Once the line containing "TP53 / p53 Antibody (aa283-332)" is found in the records below, return it and each following line exactly, up to and including the line containing "Figure 2 Basement", and nothing else.

[[ RECORDS PROVIDED, beginning ]]

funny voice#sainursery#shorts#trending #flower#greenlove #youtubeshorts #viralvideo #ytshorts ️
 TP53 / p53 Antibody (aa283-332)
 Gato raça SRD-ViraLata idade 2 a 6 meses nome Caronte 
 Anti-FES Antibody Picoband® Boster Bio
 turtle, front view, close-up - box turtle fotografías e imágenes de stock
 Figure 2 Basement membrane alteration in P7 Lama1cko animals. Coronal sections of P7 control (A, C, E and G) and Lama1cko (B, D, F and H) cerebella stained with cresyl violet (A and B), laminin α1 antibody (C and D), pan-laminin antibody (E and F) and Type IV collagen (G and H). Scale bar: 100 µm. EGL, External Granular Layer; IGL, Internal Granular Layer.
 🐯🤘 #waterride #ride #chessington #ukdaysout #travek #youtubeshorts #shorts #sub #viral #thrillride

[[ RECORDS PROVIDED, end ]]

[TASK ANSWER]
 TP53 / p53 Antibody (aa283-332)
 Gato raça SRD-ViraLata idade 2 a 6 meses nome Caronte 
 Anti-FES Antibody Picoband® Boster Bio
 turtle, front view, close-up - box turtle fotografías e imágenes de stock
 Figure 2 Basement membrane alteration in P7 Lama1cko animals. Coronal sections of P7 control (A, C, E and G) and Lama1cko (B, D, F and H) cerebella stained with cresyl violet (A and B), laminin α1 antibody (C and D), pan-laminin antibody (E and F) and Type IV collagen (G and H). Scale bar: 100 µm. EGL, External Granular Layer; IGL, Internal Granular Layer.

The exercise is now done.